All of England's Women's EURO 2022 goals

On the main difference between EURO 2017 and EURO 2022 

The tactics were better from all the other teams. In 2017, basically every team played a 4-4-2, which was easy tactically, and now we had a lot more challenges in that [respect]. The game has developed so much in five years that: the speed and the power of the game was higher than five years ago.

Leah Williamson, England midfielder

"I don't think our greatest strength, being English, is our directness. We kind of beat around the bush a little bit, and [Sarina Wiegman] came in [and] instilled that in us. It doesn't have to be a negative, but if something needs sorting, sort it, and I think that's what she's done. That was probably the biggest change in that mentality shift."

On laying the ground for England's success

 Sarina Wiegman with her players after the opening win against Austria
Sarina Wiegman with her players after the opening win against AustriaGetty Images

[It was about] talking to a lot of people and, most importantly, talking to players and then, together, setting the goals and also how we approached that: "What's the story we tell [whilst] also being very authentic?" We don't want everyone to say the same things, but we do want to spread the same … I think "narrative" is what you say.
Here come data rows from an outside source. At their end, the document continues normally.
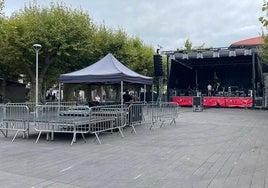 Trabajos de montaje del escenario en la plaza Urdanibia de Irun.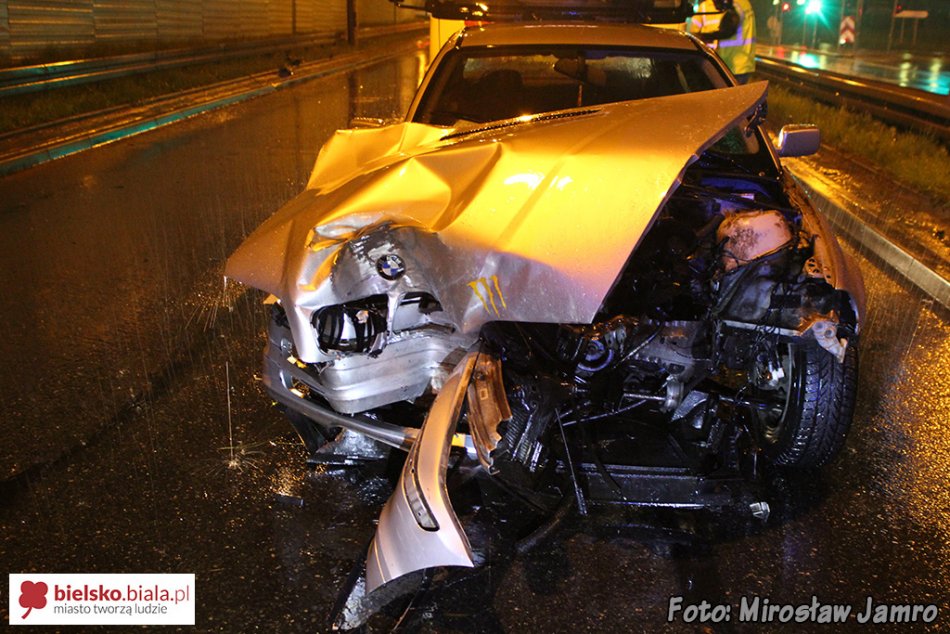 Rozbił auto na latarni - foto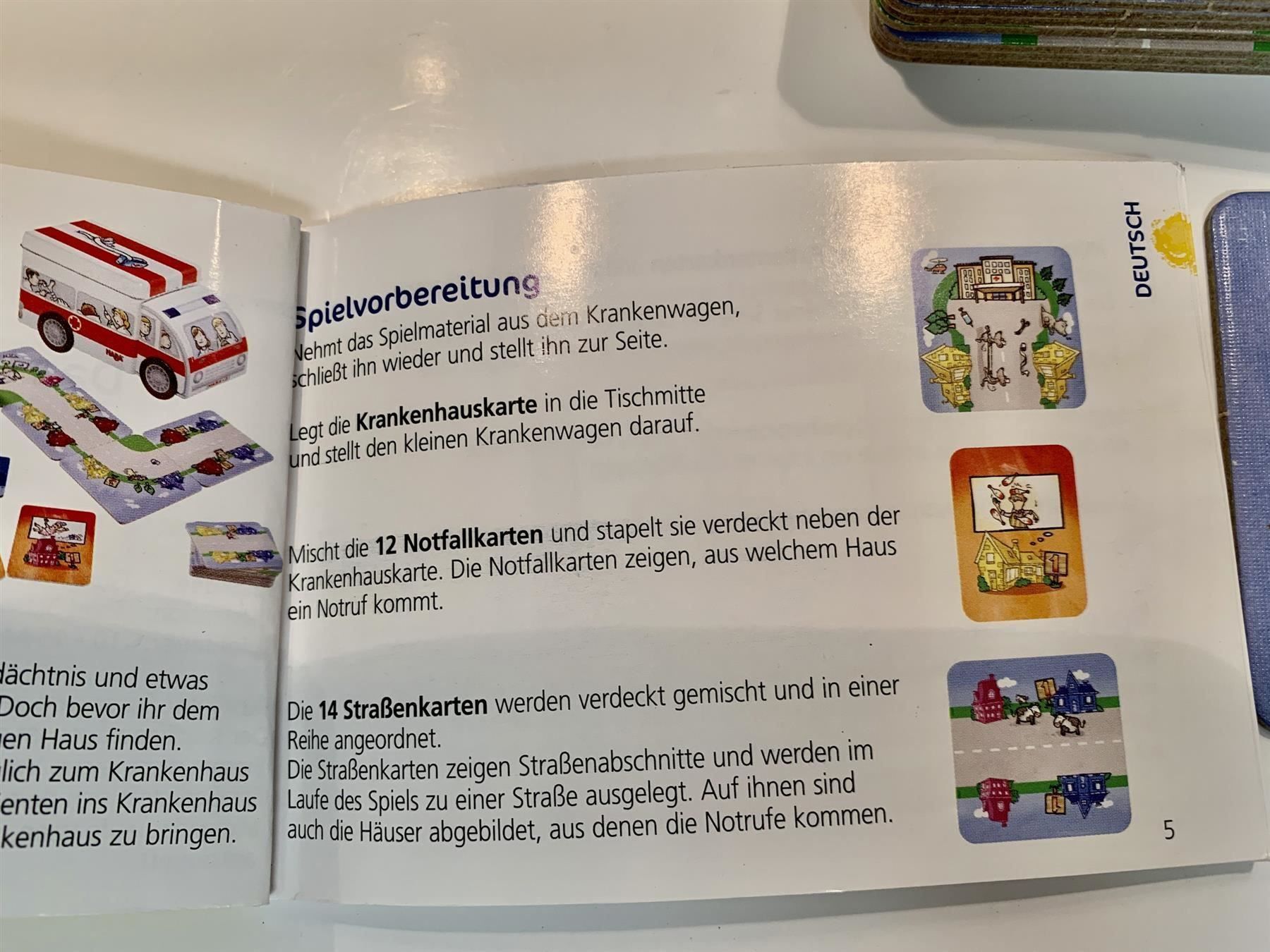 Spielzeuge: Krankenwagenspiel Blechdose komplett – Gebraucht aus Kerzers von tisyayasuBE 8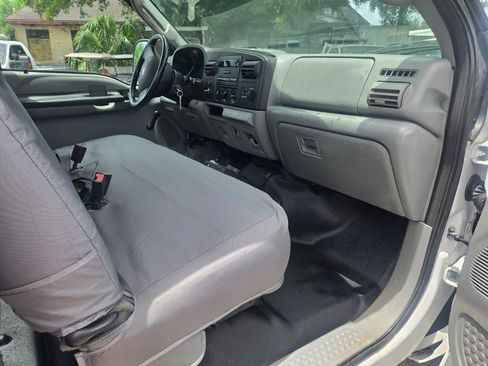 Used 2006 Ford F350 XL RWD image 15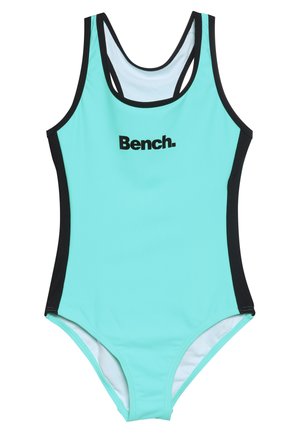 Uimapuku, joka on valmistettu yhdestä palasesta vaaleansinisessä turkoosissa värissä, mustilla sivupaneeleilla. Varustettu pyöristettyllä kaula-aukolla ja etuosassa painettuna "Bench." -logona.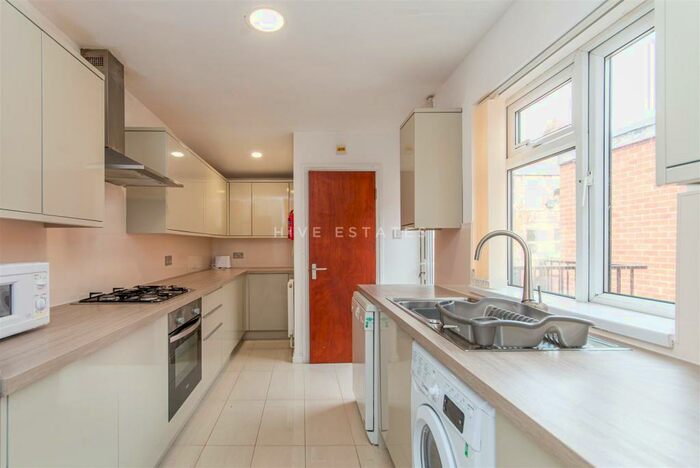 6 Bedroom Maisonette To Rent In Dinsdale Road, Sandyford, Newcastle Upon Tyne, NE2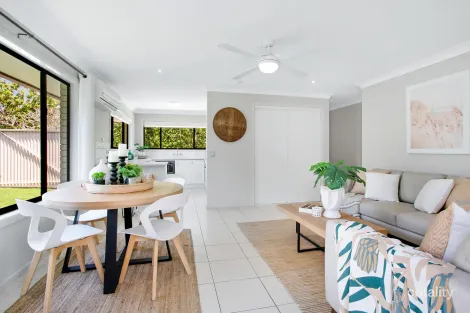 Property photo of 1/67 Broad Street Labrador QLD 4215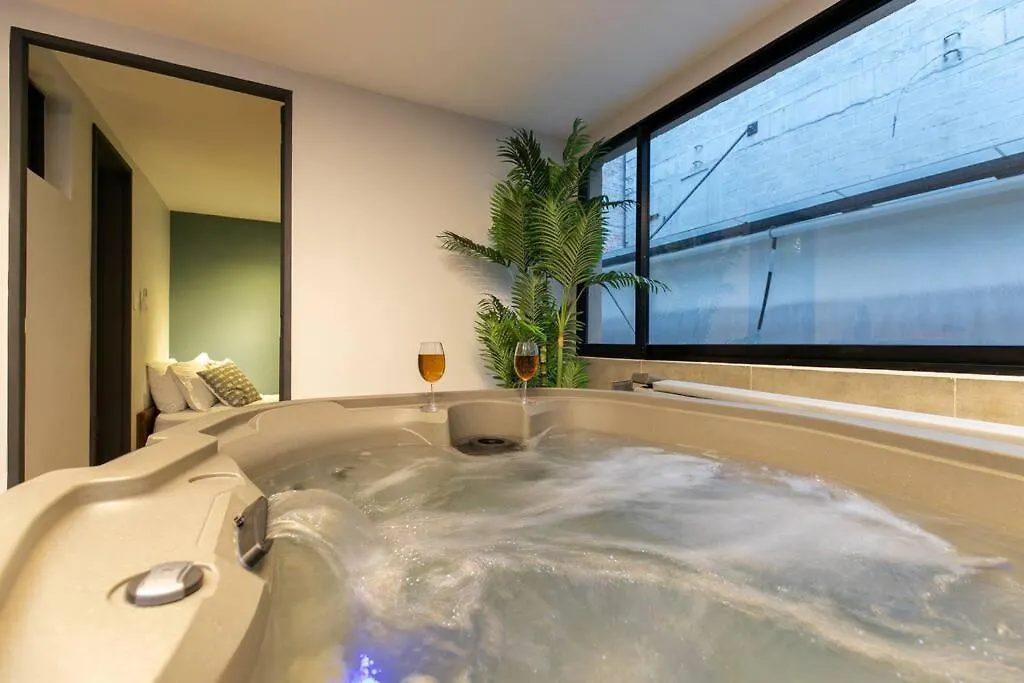 Surprising, Lleras Park, Billar Pool And Jacuzzi Appartement Medellín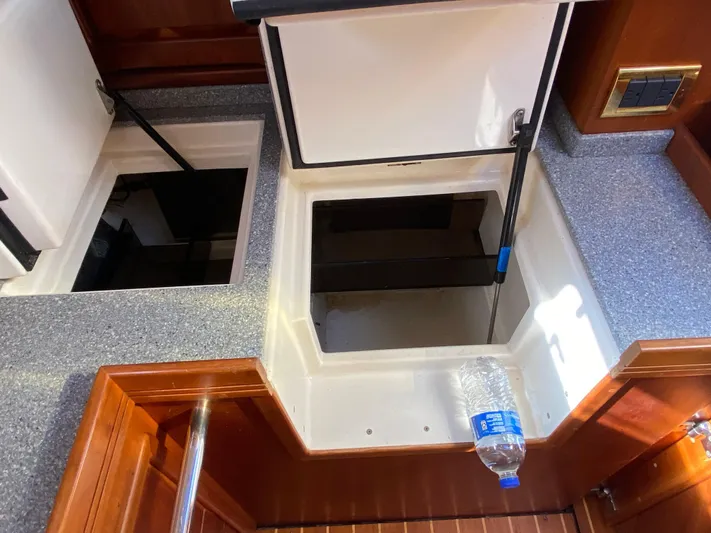 Lion Wings Yacht Photos Pics 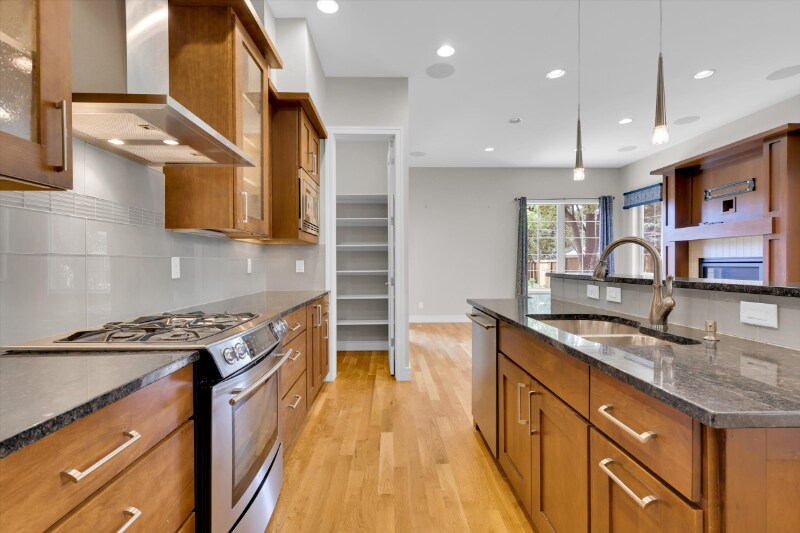 Building Photo - 595 S Corona St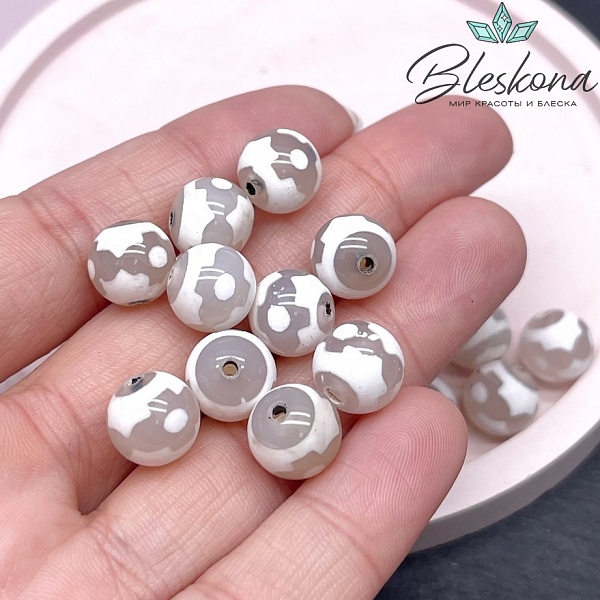 Бусина Дзи 3 глаза и мирный крест серо-белый шар 10 мм уп.10 шт.
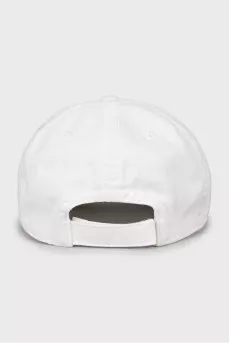 White cap with embroidered print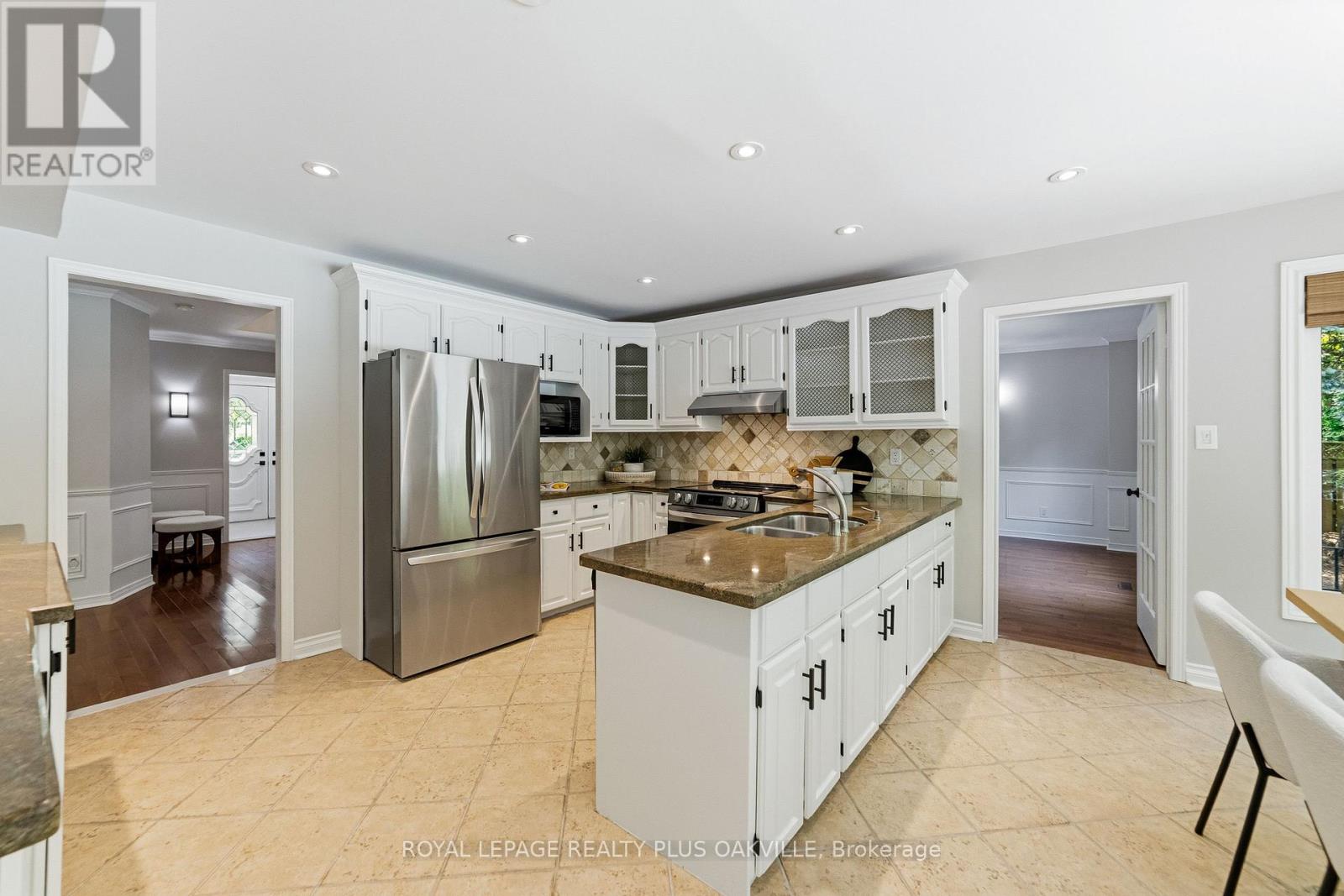 1113 Valleywood Court, Oakville, Ontario  L6M 2C4 - Photo 16 - W13413110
On keeping her squad driven

We very much had togetherness. There was already a strong team, of course, with the fundamentals there already, but what we really did was communicate with players about where they were at that moment, what their position in the team was and how we could help them in their development. Before the tournament started, it was clear what the role was for every player, and we asked them to accept that role. Everyone really wanted to do very well and wanted us to be successful, and everyone wanted to make sacrifices to make that happen.

You don't win a tournament with 11 players. We are all really, really thankful to every player who has contributed to this great success. A lot of players you don't see, but they've been very, very important for the development of this team.

Beth Mead, England forward

"She man-managed every single player in that squad. No one was more important than anyone else. We win as a team and we put in that hard work for nine weeks as a team before. In that sense, she got it very, very right."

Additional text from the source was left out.